4. Emerging issues likely to affect the realization of this principle:
As part of their work under the “Dubai Pathway on HFCs,” Montreal Protocol parties made progress on addressing the challenges of managing HFCs under the Protocol during the 37th meeting of the Open-ended Working Group (OEWG37) in Geneva in April 2016. Among the key challenges addressed include the lack of alternatives to HFCs for some applications, to which the parties agreed on the need for an exemption mechanism for countries with high ambient temperature conditions and elaborated the details of such a mechanism.

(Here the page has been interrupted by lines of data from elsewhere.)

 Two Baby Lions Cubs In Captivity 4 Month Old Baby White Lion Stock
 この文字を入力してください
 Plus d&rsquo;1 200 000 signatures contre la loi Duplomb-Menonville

Parties also made headway on the challenge of funding and flexibility in implementation of possible HFC control measures, endorsing some overarching principles, and agreed to continue discussions. They also discussed other challenges such as Intellectual Property Rights, non-party trade provisions, the relationship of HFC phase-down with the on-going phase-out of HCFCs, the special situation of developing countries and the possible synergies between the ozone and climate regimes to enhance common understanding on elements of possible solutions.
The parties will continue working towards the possible adoption of an HFC amendment to the Montreal Protocol in 2016. The Dubai pathway, by requiring that challenges are to be resolved first by generating solutions, enables all concerns to be addressed so that no one is left behind.

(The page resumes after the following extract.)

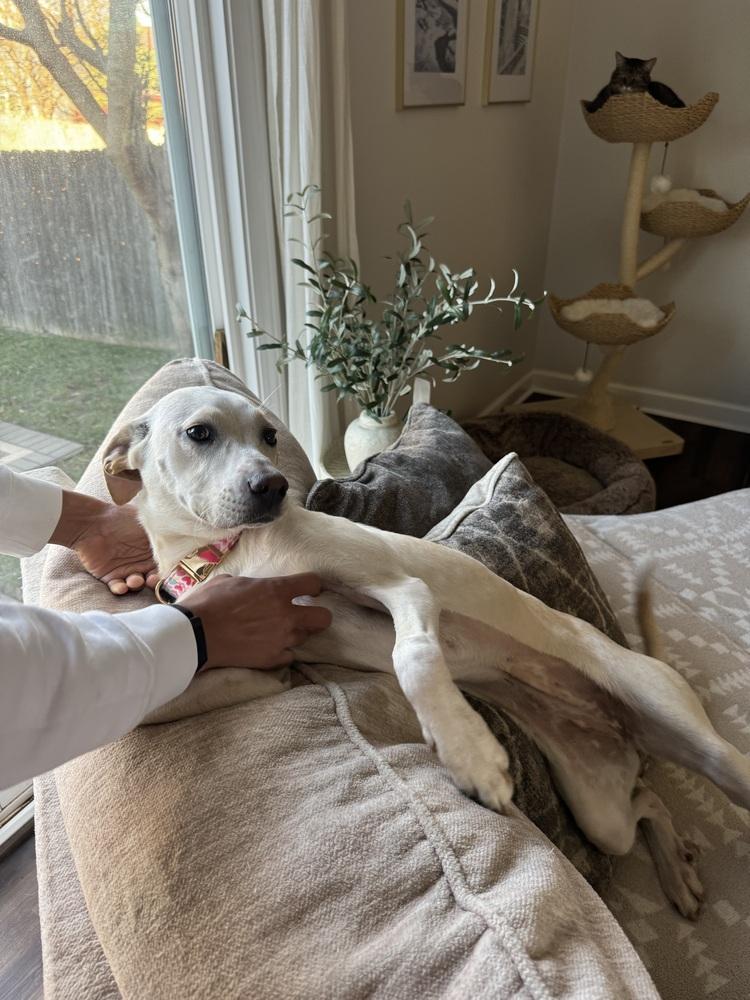 Winn Dixie, a Adoptable mixed breed image 6/6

5. Areas where political guidance by the High-level Political Forum on Sustainable Development is required:
In recent years, leaders from the world’s large industrial countries have announced their countries’ bilateral and multilateral commitments to working towards the phase-down of climate-damaging hydrofluorocarbons (HFCs) under the Montreal Protocol, as part of their efforts to address climate change domestically and together. (See the annex for a list of recent high-level political agreements and statements on HFCs)
The high-level political statements have brought the issue to the forefront globally and provided momentum to ongoing efforts towards an HFC amendment to the Protocol. The high-level political commitment needs to be maintained and heightened as Montreal Protocol parties continue their HFC phase-down discussions in forthcoming meetings.
6. Policy recommendations on ways to accelerate progress for those at risk of being left behind:
The progress made by Montreal Protocol parties on addressing the challenges of managing HFCs under the Protocol during the 37th OEWG meeting in April is a sign that the parties are keen to reach an HFC agreement and that further progress will be made in the next round of negotiations in Vienna in July.
A number of solutions to the challenges identified under the “Dubai Pathway on HFCs” have been proposed and discussed including with regard to an exemption for high ambient temperature countries and the solutions to some aspects of challenges related to funding and flexibility in implementation. Solutions need to be generated to challenges such as technology transfer, intellectual property rights, the relationship with the ongoing HCFC phase-out and non-party trade provisions.
All parties will need to exercise flexibility in order to agree on the solutions and move forward to discuss and agree on an HFC amendment to the Protocol.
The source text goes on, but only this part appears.